Caravale si sofferma sull'evoluzione di questo legame a partire dalla crisi del modello gramsciano, passando per l'avvento di quello craxiano fino all'arrivo del centrodestra al governo e infine alla stagione populista. Nel ripercorrere episodi e aneddoti tra politici che cercano di sfruttare gli intellettuali salvo poi scaricarli alla prima occasione utile e intellettuali che sognano il salto in politica salvo poi rivelarsi inaffidabili, si arriva alle questioni di più stretta attualità come l'avvento dei tecnici in politica.

Dopo la stagione dei tecnici che ha avuto il suo apice con il governo Monti, «il rapporto tra tecnica e politica è oggi più debole che mai». Se «raramente gli economisti di oggi riconoscono dignità e autorevolezza alla classe politica con la quale collaborano», «i partiti politici, dal canto loro, hanno orizzonti temporali molto più brevi rispetto al passato. Consumano con grande rapidità i loro leader, figuriamoci i tecnici con cui collaborano».

Se economisti e giuristi hanno una visibilità che ancora li rende appetibili alla politica, oggi lo stesso non si può dire per storici, filosofi, letterati poiché, tramontata la stagione dell'intellettuale organico di matrice gramsciana, negli ultimi anni si è dissolto l'intreccio tra politica e cultura. Così, se i partiti hanno «fatto ricorso in più di un'occasione alla competenza degli esperti», non hanno però «avvertito la necessità di mettersi in ascolto delle riflessioni formulate da storici, filosofi, letterati». Tale distacco non è solo «responsabilità di una politica allergica alla riflessione intellettuale» ma è «anche frutto del progressivo declino della rilevanza dell'intellettuale nel dibattito pubblico». Ciò è avvenuto per una perdita di prestigio e pervasività dei media tradizionali ma anche per un'incapacità del ceto intellettuale di interpretare il comune sentire e per una serie di prese di posizione rivelatesi del tutto errate che hanno portato a una perdita di credibilità agli occhi dei cittadini (la Brexit e le elezioni americane del 2016 sono i casi più eclatanti). Così, «l'eccessiva frammentazione disciplinare, la crescente difficoltà di avanzamento di carriera, l'abitudine a circoscrivere sempre più l'oggetto della propria ricerca, la mancanza di uno sguardo lungo, hanno trasformato il mondo accademico in un universo incapace di dialogare con la società esterna e dunque privo di impatto sull'opinione pubblica».

Nonostante alcuni tentativi di avvicinamento, «i confini tra politica e cultura sono diventati steccati alti e solidi, quasi invalicabili, rendendo difficile il dialogo e, a maggior ragione, il movimento tra due universi». Nel momento in cui questi mondi paralleli sono venuti a contatto, i risultati non sono stati sempre dei migliori: «Gli intellettuali (umanisti) hanno oscillato dunque tra l'ambizione di entrare nelle grazie del leader mostrandosi più realisti del re e l'istinto di ritirarsi sdegnati dall'arena del dibattito politico.
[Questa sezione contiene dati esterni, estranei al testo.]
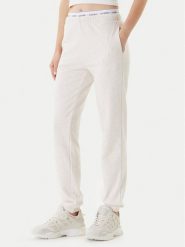 Guess Spodnie dresowe O5RB01 KCO31 Beżowy Regular Fit. Brązowe spodnie dresowe Guess, xl, z aplikacjami, z bawełny. Za 269.99 zł.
La politica, per conto suo, ha ondeggiato in modo altrettanto schizofrenico tra l'esibizione di un profondo disprezzo nei confronti degli intellettuali e la scelta opposta di consegnarsi mani e piedi all'intervento salvifico degli uomini e delle donne di cultura».

Da qui la conclusione di Caravale che individua in questo «doppio movimento schizofrenico», «il cortocircuito tra società civile e classe dirigente politica che ha segnato la storia italiana degli ultimi trent'anni». L'avvento dei social network ha avuto un impatto significativo tanto nella politica quanto nella visione del ruolo dell'intellettuale passando da una concezione verticale del dibattito pubblico a una nuova orizzontalità.

La distanza tra il mondo culturale e quello politico, può rappresentare «un'inedita opportunità affinché gli intellettuali ritrovino le condizioni per riflettere sui principali temi dell'agenda politica da posizioni di autonomia nei confronti della politica stessa». Al contrario, «occorre che la politica dismetta quella pregiudiziale antintellettuale che ha troppo spesso fatto propria».